(Task requirements)
When the line containing "MYELINATED NERVE FIBER HYPERMETROPIA" is found in the data below, give it again along with every later line, exactly; drop the pictures.

(Records)
══════════

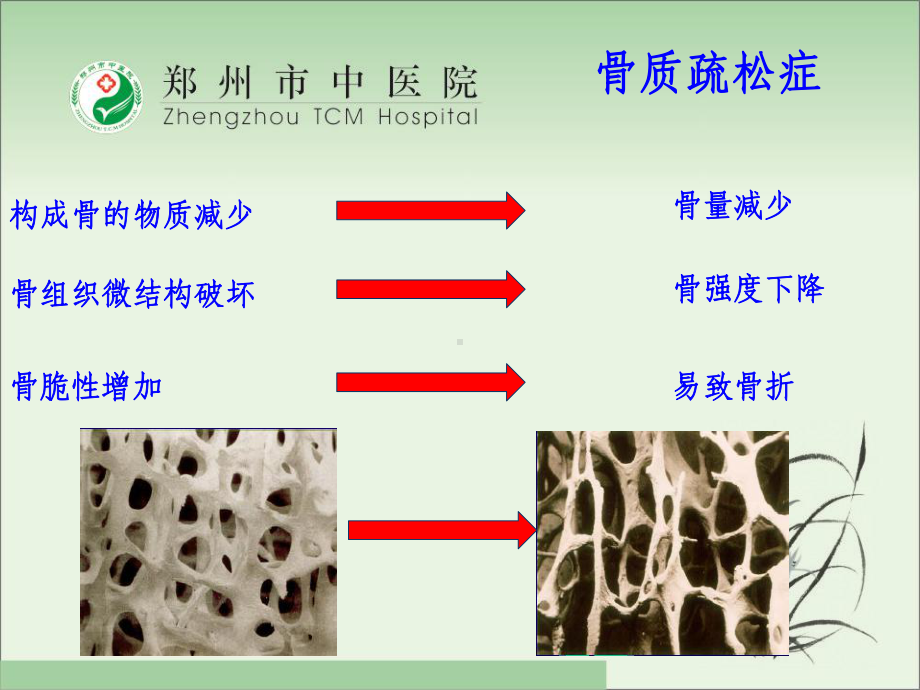 老年胸腰椎压缩性骨折的疼痛治疗策略课件.ppt_第3页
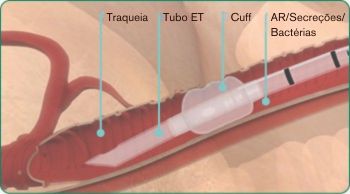 PT-explore-image-oral-care-vap-facts-3.jpg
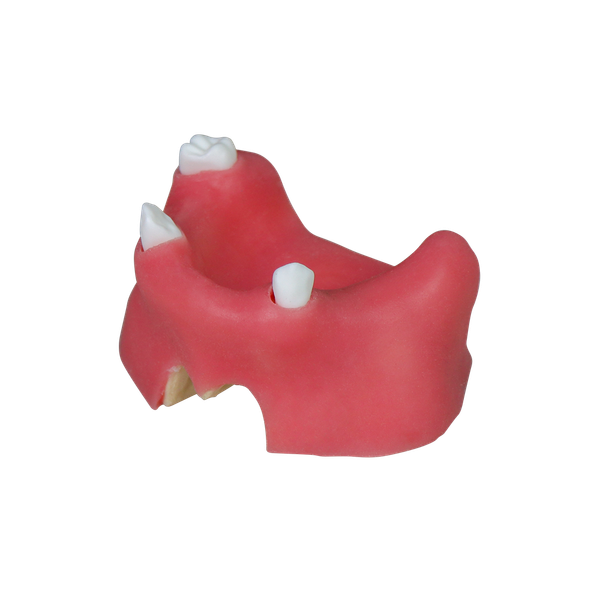 Sinus Lift Dental Model – Hard Resin with Soft Gums for Maxillary Sinus Training JG-YZ-11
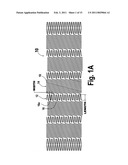 FLEXIBLE STENT diagram and image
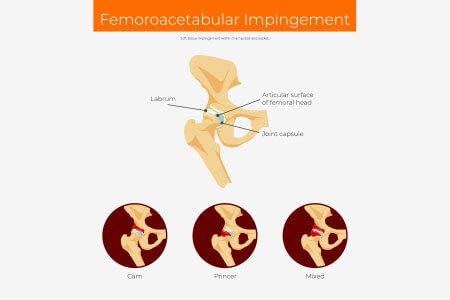 Femoroacetabular Impingement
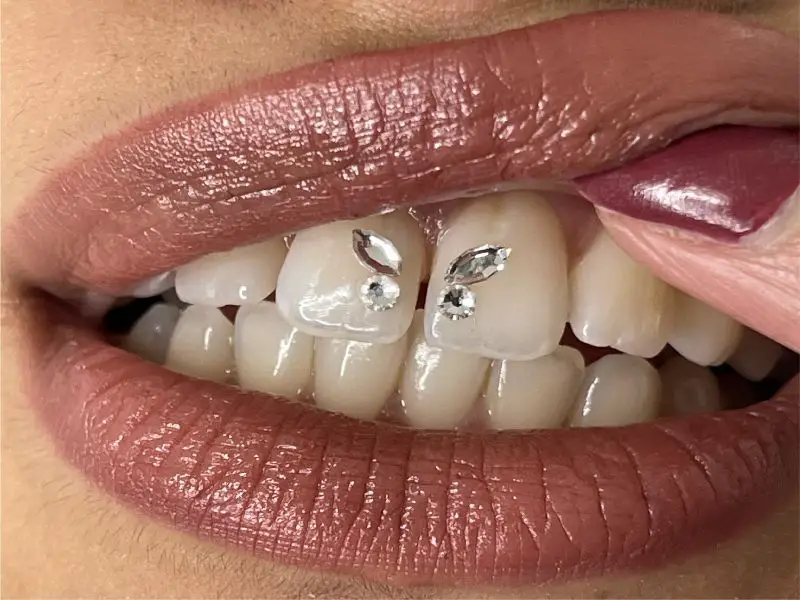 tooth jewels kit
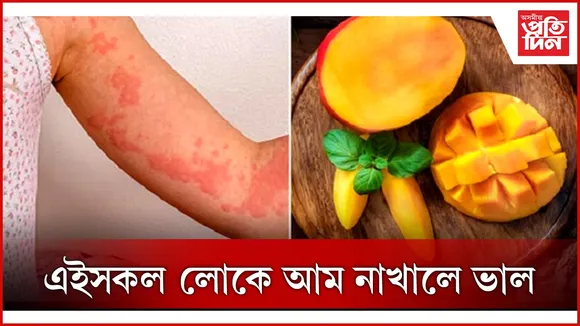 আম 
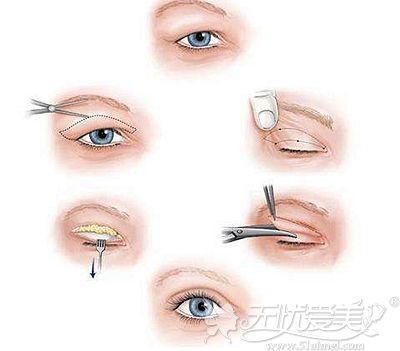传统全切双眼皮手术的原理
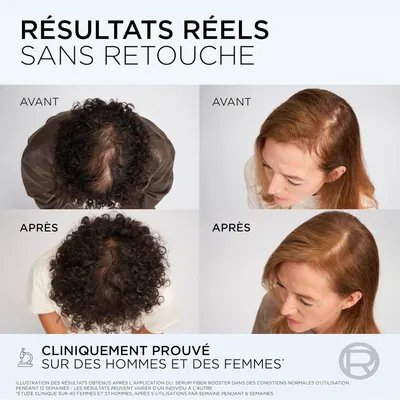 Secondary Images for L'Oreal Paris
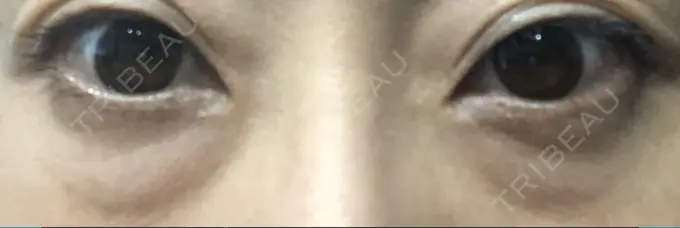 クマ治療 / 下まぶたたるみ取り / 脂肪注入（目の下） 湘南美容クリニック Regno 銀座院 BEFORE メイン用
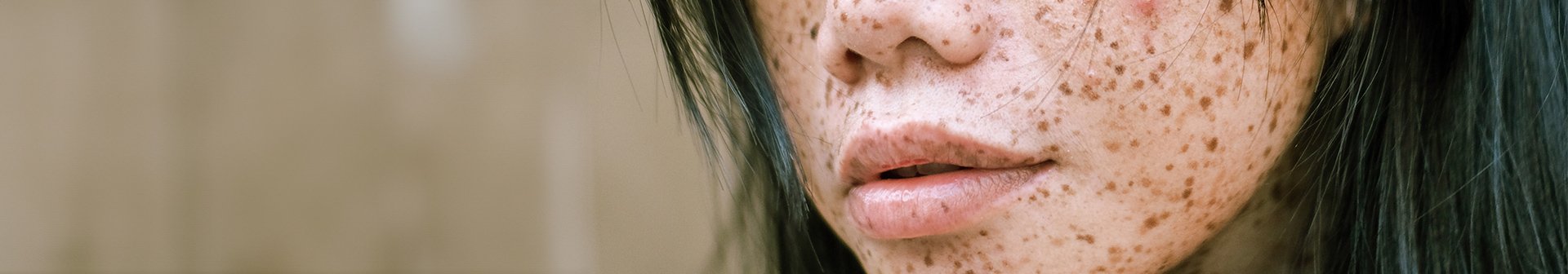 Ausschnitt eines Frauengesichts von der Nase bis zum Mund mit schwarzen Haaren und Pigmentflecken im Gesicht
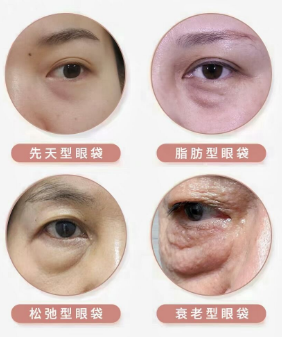 去眼袋手术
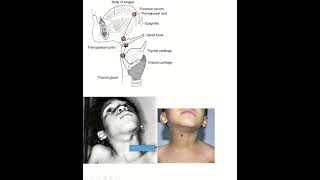 Thyroglossal cyst vs branchial cyst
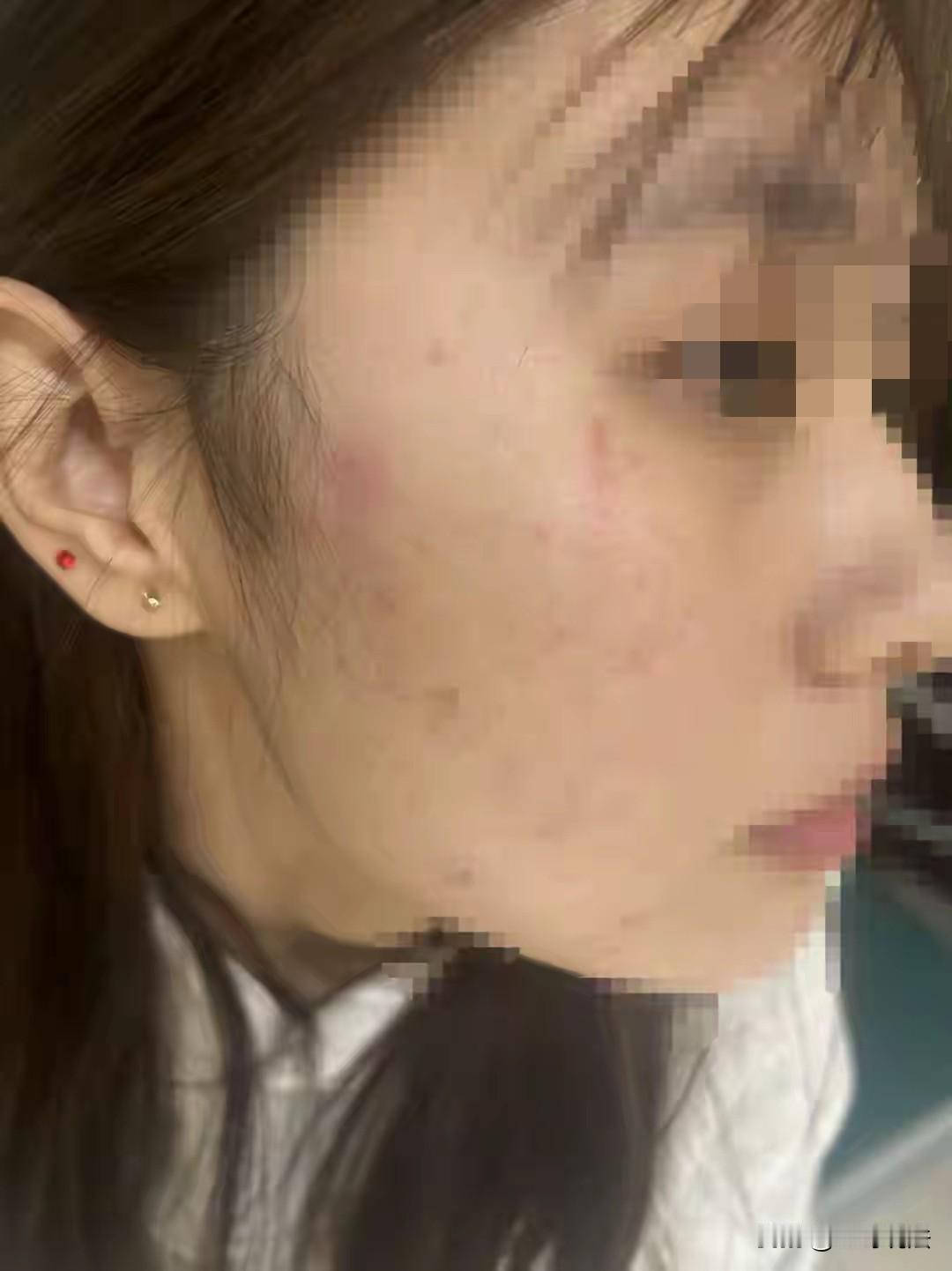 就不该开门! 山东东营，一18岁女子独自在家，听到有人敲门，开门后发现并不认识，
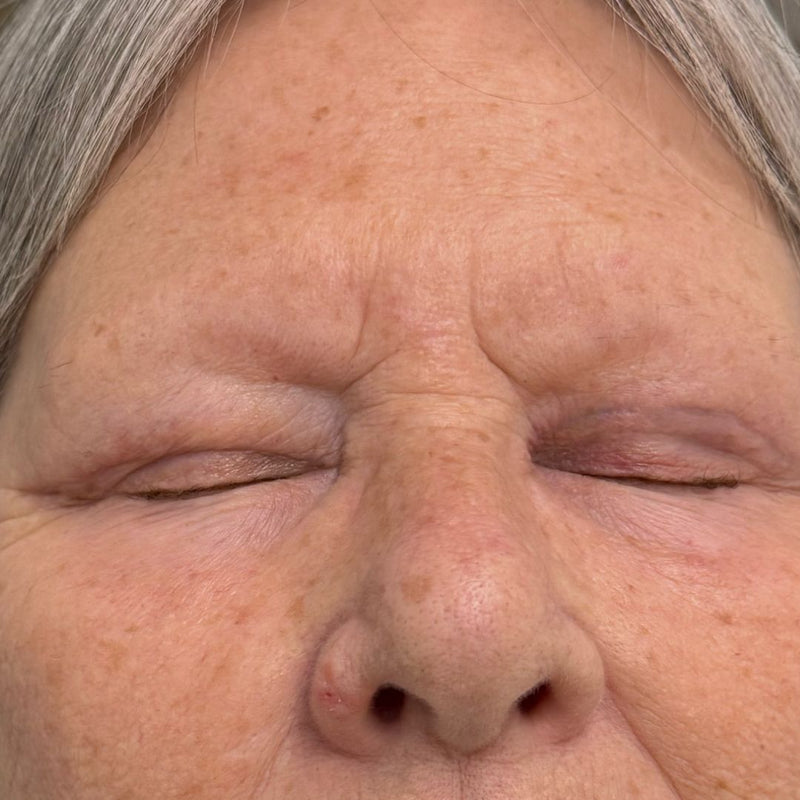 Before - Combo brow for hair loss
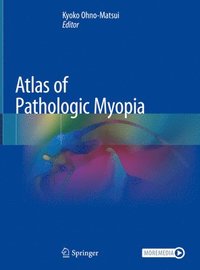 bokomslag Atlas of Pathologic Myopia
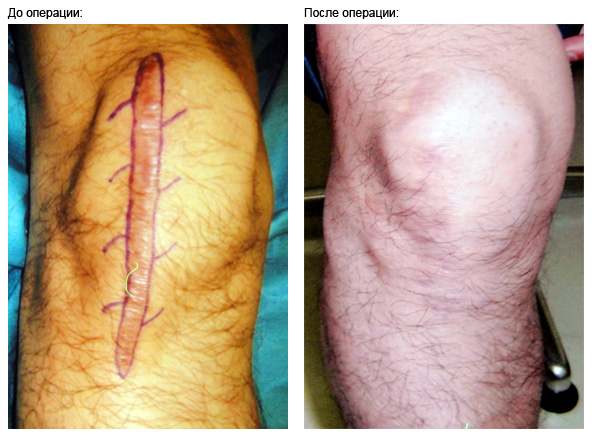 knee-scar2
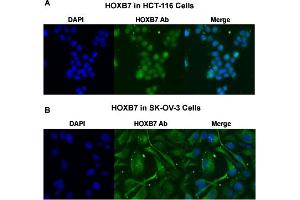 Immunofluorescent staining of (A) HCT-116 and (B) SK-OV-3 cells with HOXB7 polyclonal antibody  under 4 ug/mL working concentration. (HOXB7 Antikörper  (AA 168-217))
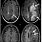 MS Brain Scan Images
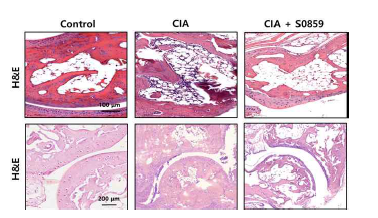 CIA 모델에서 H&E staining 비교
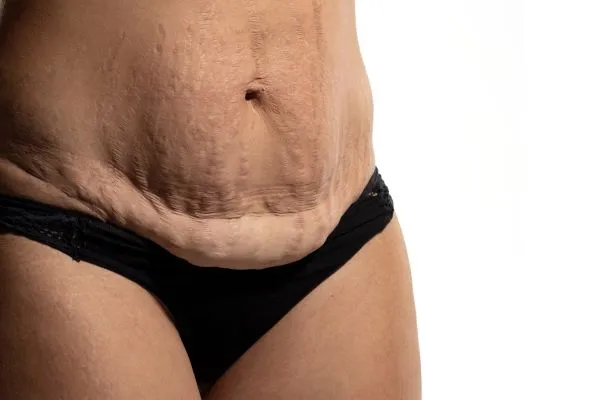 Lost the Weight but Not the Loose Skin? 1 image of womans stomach after weight loss showing loose skin Bracknell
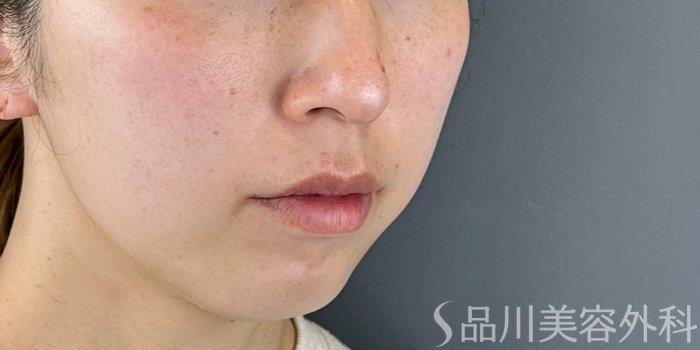 症例NO.69461のBEFORE写真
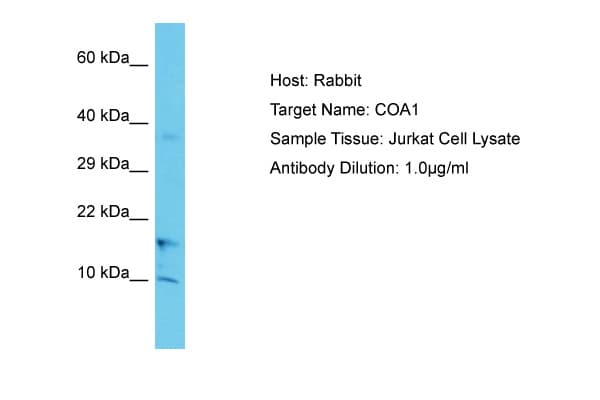 Polyclonal Rabbit anti-Human COA1 Antibody (C-Terminus, WB)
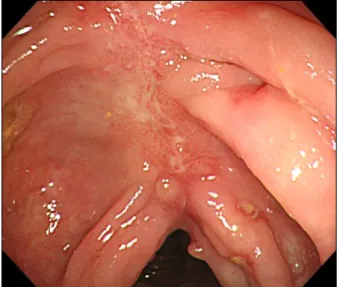 Fig. 3. Colonoscopic finding of the transverse colon. It showed  longitudinally arrayed, linear, active ulcers with several inflammatory pseudopolyps and normal looking background mucosa.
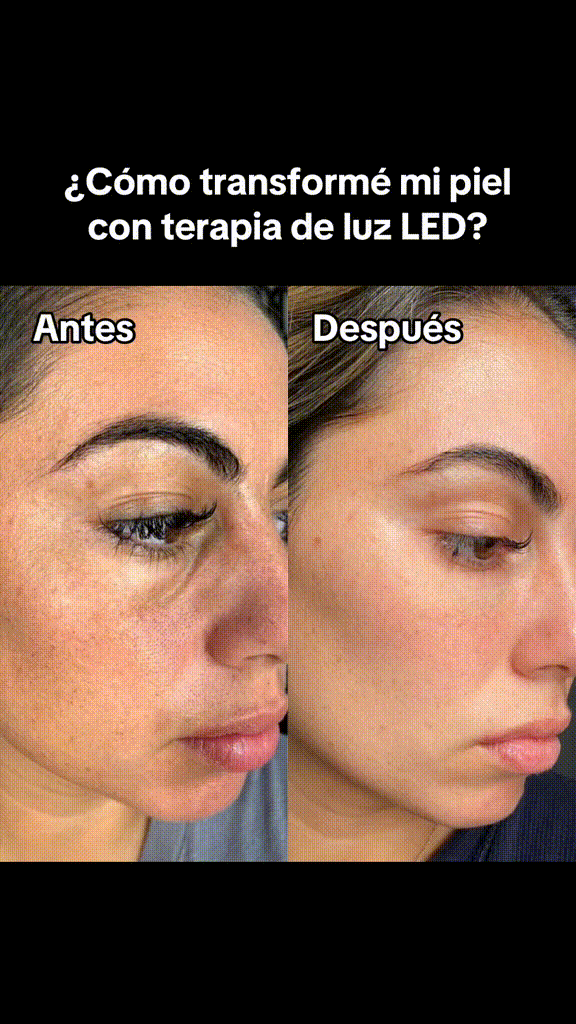 Máscara de Rejuvenecimiento Facial LED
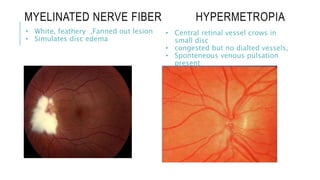 MYELINATED NERVE FIBER HYPERMETROPIA
• White, feathery ,Fanned out lesion
• Simulates disc edema
• Central retinal vessel crows in
small disc
• congested but no dialted vessels,
• Sponteneous venous pulsation
present
 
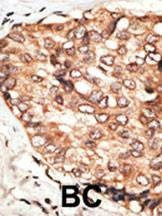 Anti-STAT5b (C-term) Antibody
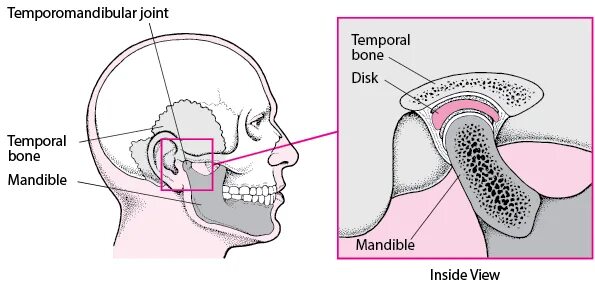 Из за чего может болеть челюсть. Анатомия сустава ВНЧС. Синдром болевой дисфункции ВНЧС. Мышечная дисфункция ВНЧС. Дисфункция височно-нижнечелюстного сустава.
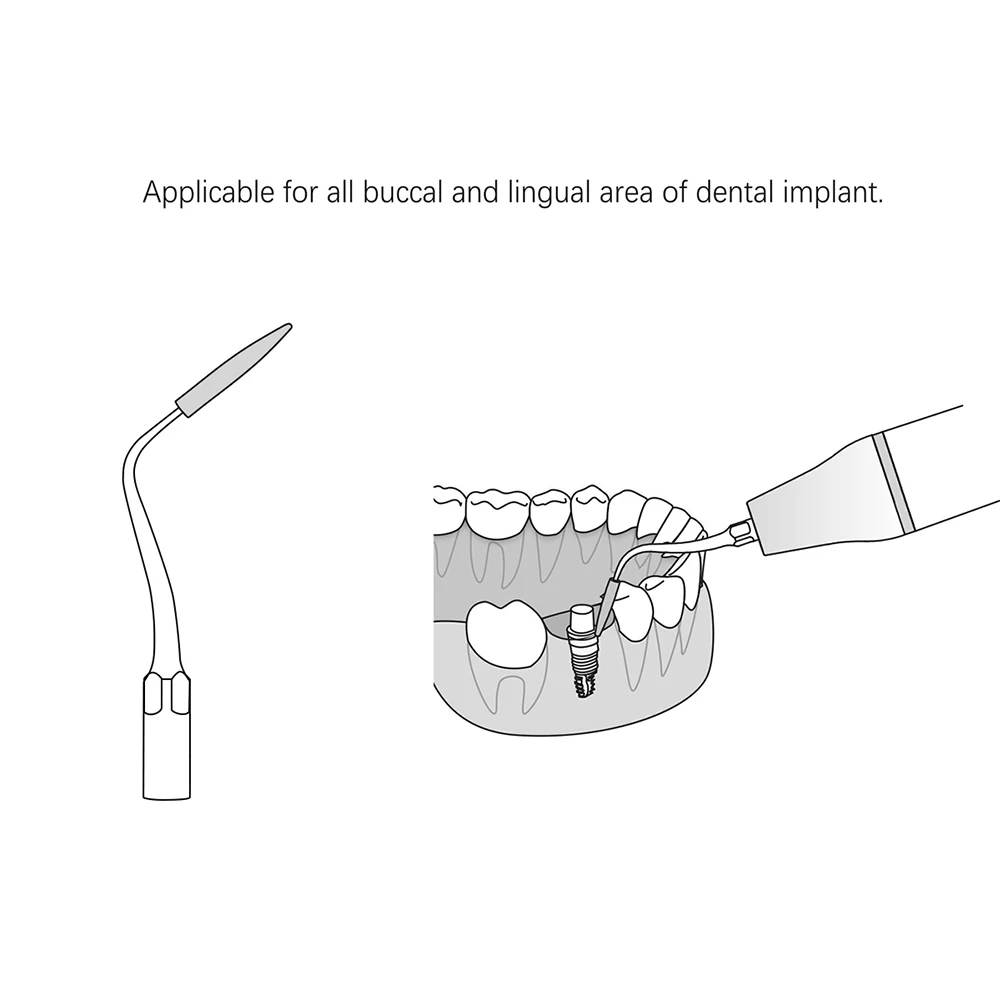 1 PC skaler dentystyczny końcówka do czyszczenia implantów przyzębia pasuje do rękojeści ultradźwiękowej Dental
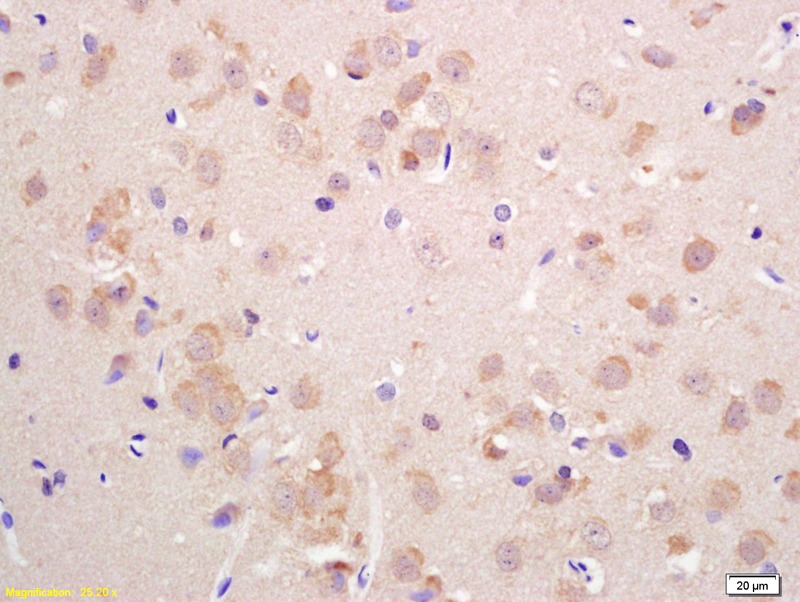 Anti-SLC17A6 Polyclonal Antibody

══════════

(Written answer)
 MYELINATED NERVE FIBER HYPERMETROPIA
• White, feathery ,Fanned out lesion
• Simulates disc edema
• Central retinal vessel crows in
small disc
• congested but no dialted vessels,
• Sponteneous venous pulsation
present
 
 Anti-STAT5b (C-term) Antibody
 Из за чего может болеть челюсть. Анатомия сустава ВНЧС. Синдром болевой дисфункции ВНЧС. Мышечная дисфункция ВНЧС. Дисфункция височно-нижнечелюстного сустава.
 1 PC skaler dentystyczny końcówka do czyszczenia implantów przyzębia pasuje do rękojeści ultradźwiękowej Dental
 Anti-SLC17A6 Polyclonal Antibody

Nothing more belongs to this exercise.